Has anyone else used Splashtop thats happy with it or what would you recommend to use instead ?

----------


## Armers

I thought mac came one with by default? Anyway i use some form of remote desktop all the time between my headless htpc, but this is all within my network.  
I've use the same for monitoring networks from remote locations. All is fine.  
If you're at home, going from one machine to another there shouldn't be an issue.  
All this worry about hackers is a little paranoia. There isn't anything on your network they want.
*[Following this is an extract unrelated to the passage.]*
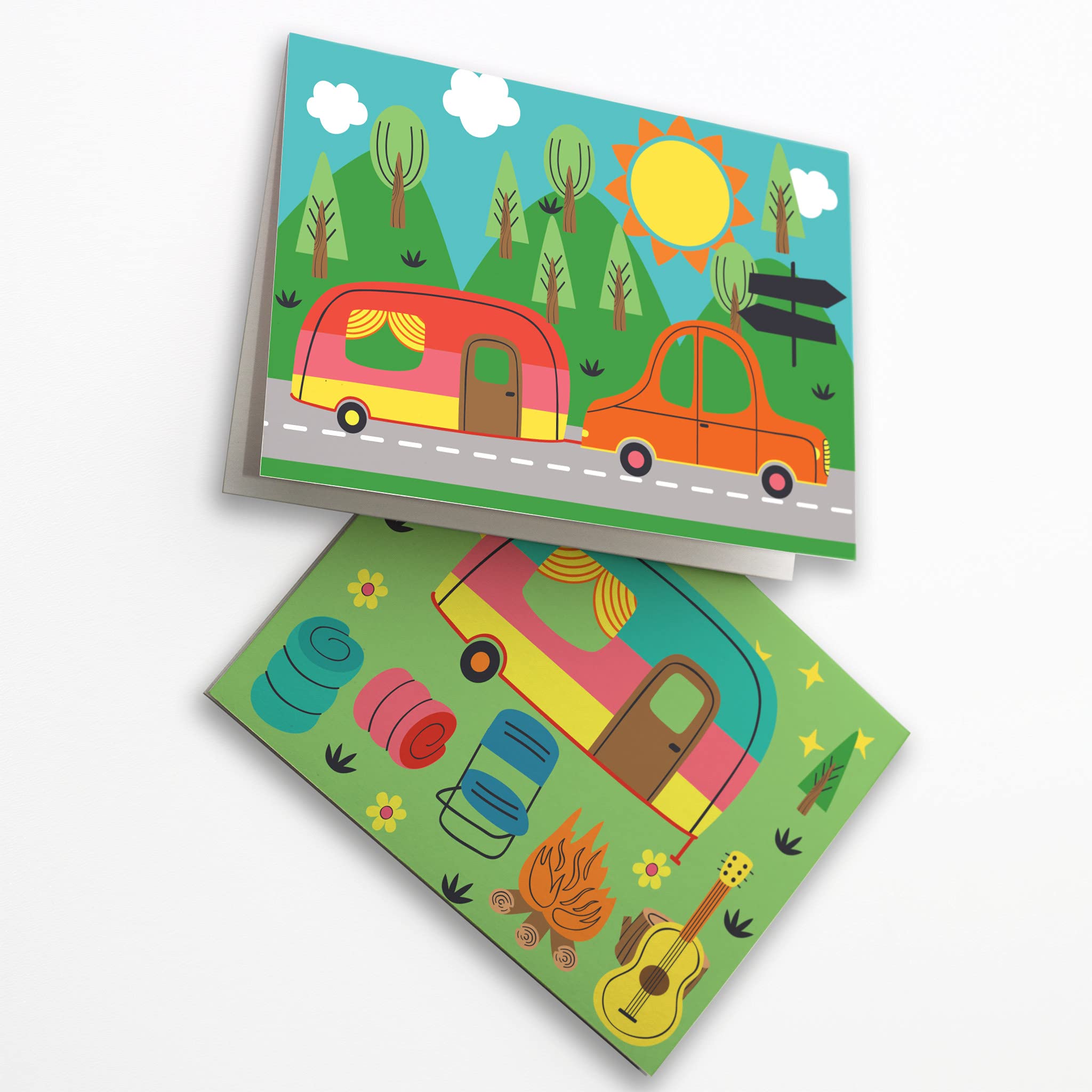 24-Pack Blank Greeting Cards Set for All Occasions - Thank You Cards & Just Because Notes with White Envelopes - Funny Novelty Stationery by RitzyRose (Road Trip Design) - Perfect for Birthdays, Anniversaries, Holidays & Everyday Use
Just don't download anything your unsure of and don't click anything you don't know simplest way to keep dodgy stuff off your machines and dodgy people out of your systems 
As for Splashtop, not used it sorry!  
Cheers

----------


## Master Splinter

Assuming you have encryption set up on your wi-fi network, you should be pretty safe.   
You'd be at greater risk of malicious drive-by downloads dropping a keylogger on your PC during normal web browsing than a concerted effort to hack your wi-fi network. 
I'm presuming that Splashtop just acts as a gateway to your PC from the iPad and does all the PC related stuff actually on the PC...but that's just a guess.  If you'd like to ship me an iPad (for maybe a year or two...for a really good test) I'll do some further evaluation.....

----------